Only the lines from the one containing "Franz Xaver Chwatal Franz" through the last line below belong in your copy; transcribe them exactly and omit any pictures.

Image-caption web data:
**********
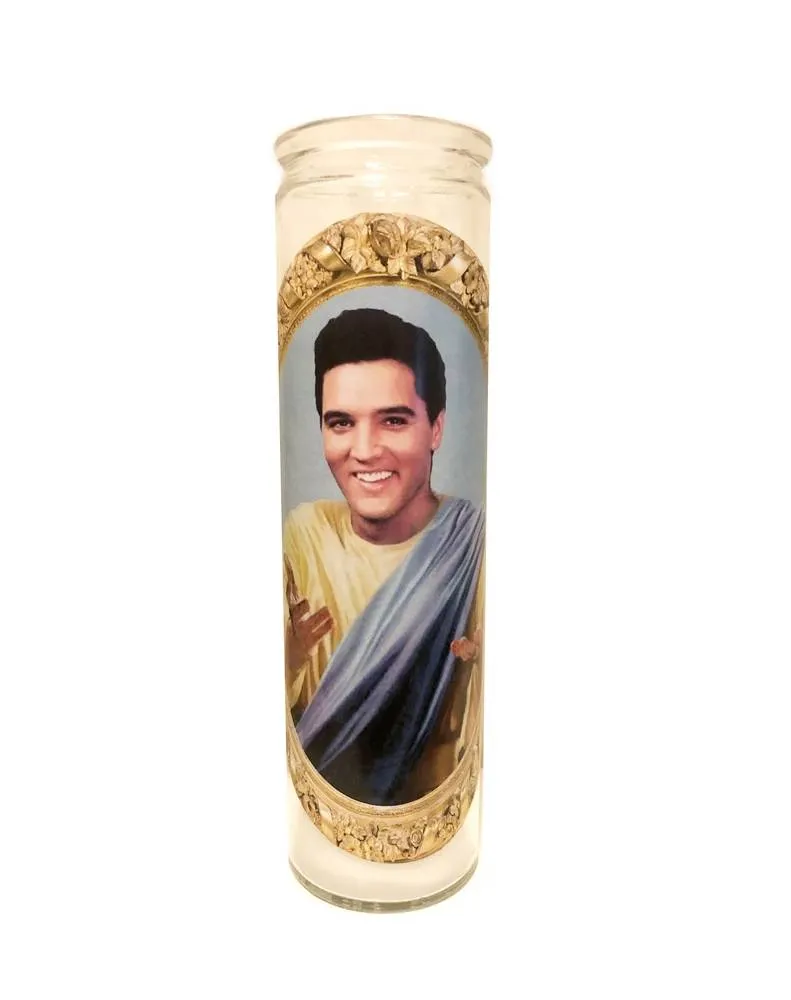 ELVIS CELEBRITY PRESLEY CANDLE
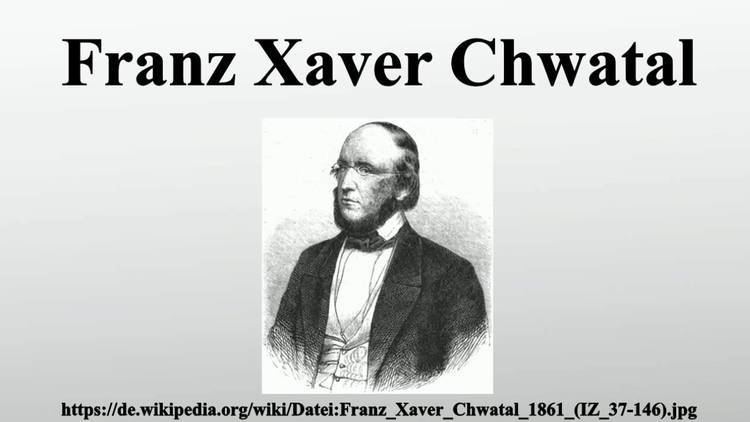 Franz Xaver Chwatal Franz Xaver Chwatal YouTube
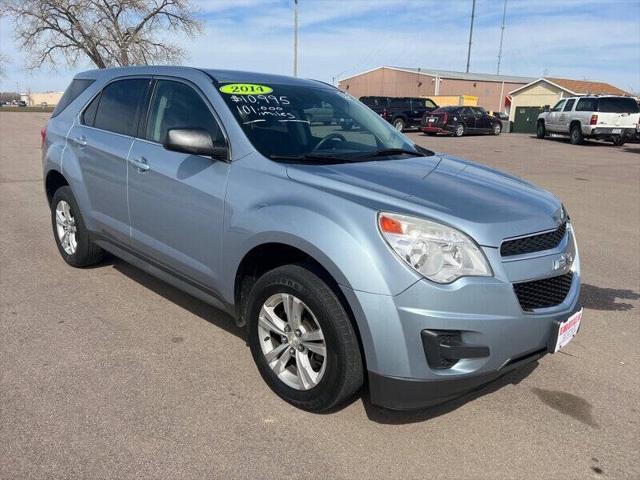 used 2014 Chevrolet Equinox car, priced at $9,595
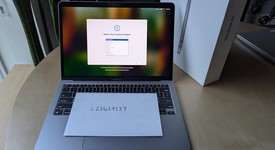 Good
													MacBook Air 2020 - 13" - Apple M1, Gray, 256 GB, 8 GB, photo 1 of 13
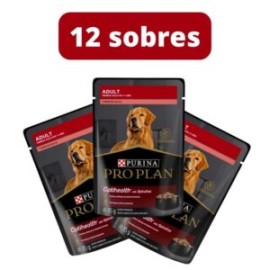 Combo 12 sobres Pro Plan perro adulto todas las razas Carne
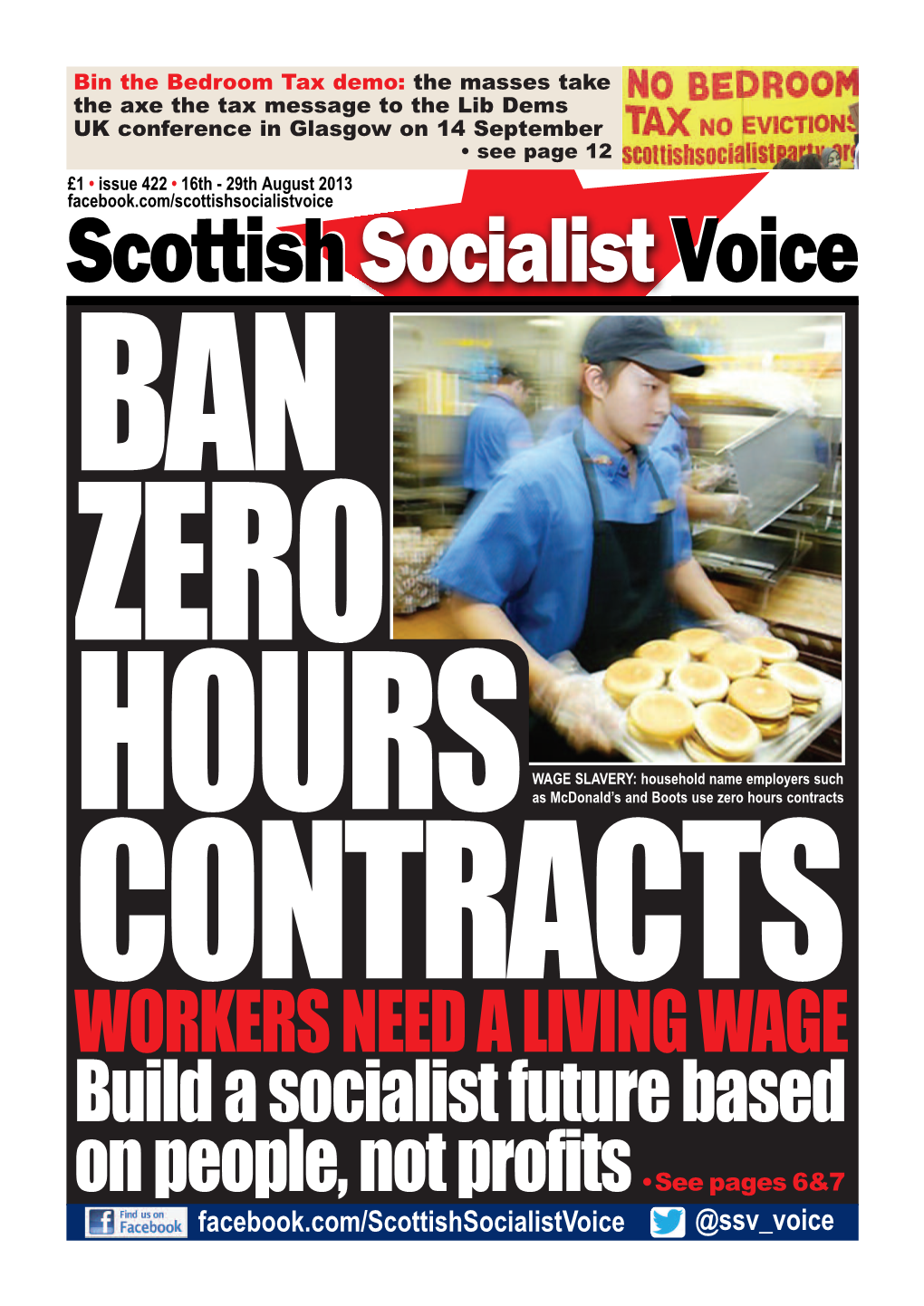 Scottish Socialist Voice • Issue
**********
▶ [Solution for this exercise]:
 Franz Xaver Chwatal Franz Xaver Chwatal YouTube
 used 2014 Chevrolet Equinox car, priced at $9,595
 Good
													MacBook Air 2020 - 13" - Apple M1, Gray, 256 GB, 8 GB, photo 1 of 13
 Combo 12 sobres Pro Plan perro adulto todas las razas Carne
 Scottish Socialist Voice • Issue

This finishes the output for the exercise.